Last Thursday I held a paint-and-wine class at Vanguard Gallery in Moreno Valley. I know it’s taken me a while to get these posted – the schedule in between has been kind of full. Anyway, here now are the pics taken as the class progressed. I think everyone enjoyed themselves – only one had painted before.
One thing that I don’t often get to enjoy is seeing my ‘children’ settled in their new home. Occasionally I will take artwork to a customers house to see whether it works in the location they’re considering, but usually I say goodbye to my offspring when they are placed into a box at an art show. I am particularly overjoyed to see this watercolor diptych in their new frames and their new room as it’s in Texas – and I’ve never met their new ‘Dad’ face to face.
As they’re framed pieces I shipped them unframed and they were a little while before the new frames were chosen, but now here they are above the sofa. It was also a very interesting way that the sale came to be. Having ‘met’ their new owner as his client for some online business, during a phone call he mentioned he liked my work and had this place that needed some new art, and described the location and colors of the room. I recommended this watercolor diptych which wasn’t on my website, and we exchanged some pics of the artwork and the room. Turned out it was just the thing – the right feeling for the location, the right size and the right colors.
If you missed me at Newport Beach last weekend – or if you just prefer oils and acrylic skyscapes – this coming Saturday I’ll be at the annual Old Town Tustin Art Walk. Somewhere near the intersection of El Camino Real and Main St I’ll be setting up for the third year at this show. There’s plenty of other things to enjoy at this community show too. Check out their website. Hope to see you there. Above is one of my newer oil paintings, Larch View, that will be making its debut at this show.
Despite the fact that I live close to the largest body of water in California, it’s not terribly enjoyable during the ‘hot’ season, and Doug and I like to go up to Lake Cuyamaca – up in the mountains, 5000 above the Salton Sea, about an hour and half away, it’s a whole nother climate. We rented our favorite little cabin for three nights and packed up bedding, fishing gear and the bare basics of a kitchen.
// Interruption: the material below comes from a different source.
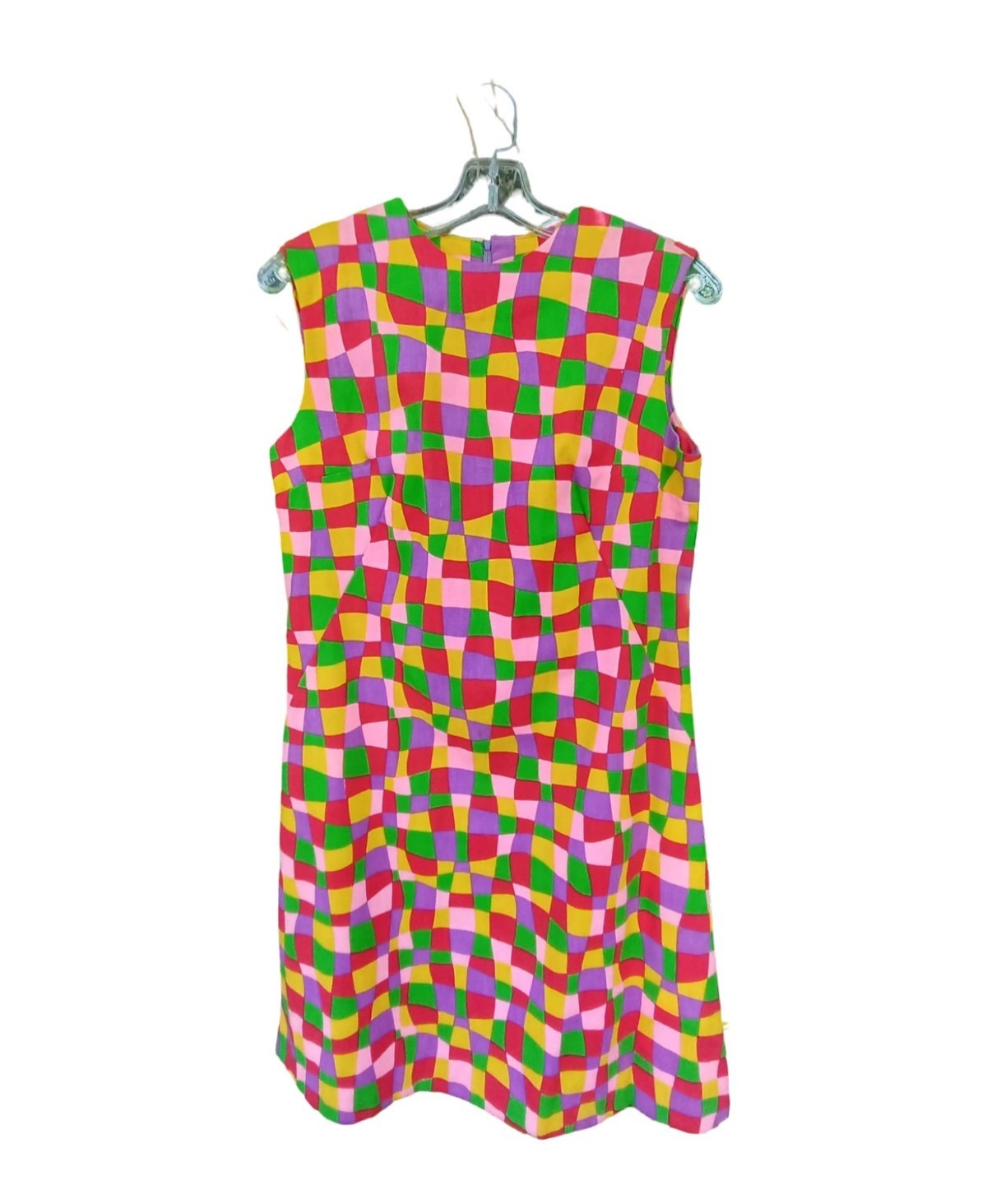 Vtg 60&rsquo;s Mod Sleeveless Shift Dress Bold Psychedelic Abstract Geometric Print M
On the first evening we went out for a stroll and saw a lot** of wildlife. I had left all connections to work behind, except I took some writing paper, thinking I would put a few poems together. This came out of the evening walk across one of the dams that forms the lake. You will see once you get into it the tune that it’s based around. The last line though requires a little more explanation. We had just crossed the dam and saw a squirrel in the path. We stopped. The squirrel stopped. Then, as we continued, instead of scooting up a tree, it walked down the path towards the dam, just like people walk past each other on a city sidewalk.
On the first evening strolling beside the lake we saw:
Twelve Canada geese
Eleven redwing blackbirds
Ten wild turkeys
Nine cawing crows
Eight scavenging raccoons
Seven strutting grackles
Six massive vultures
Five mule deer
Four fishing herons
Three flitting bats
Heard two hooting owls
And a squirrel walked right past us on the path.
Of course, having left all connections to work behind, that included the camera and on the last evening I was unable to photograph the view across the still lake just after moonrise, which confirmed that there is an even quieter cabin on the other side. I did this from memory.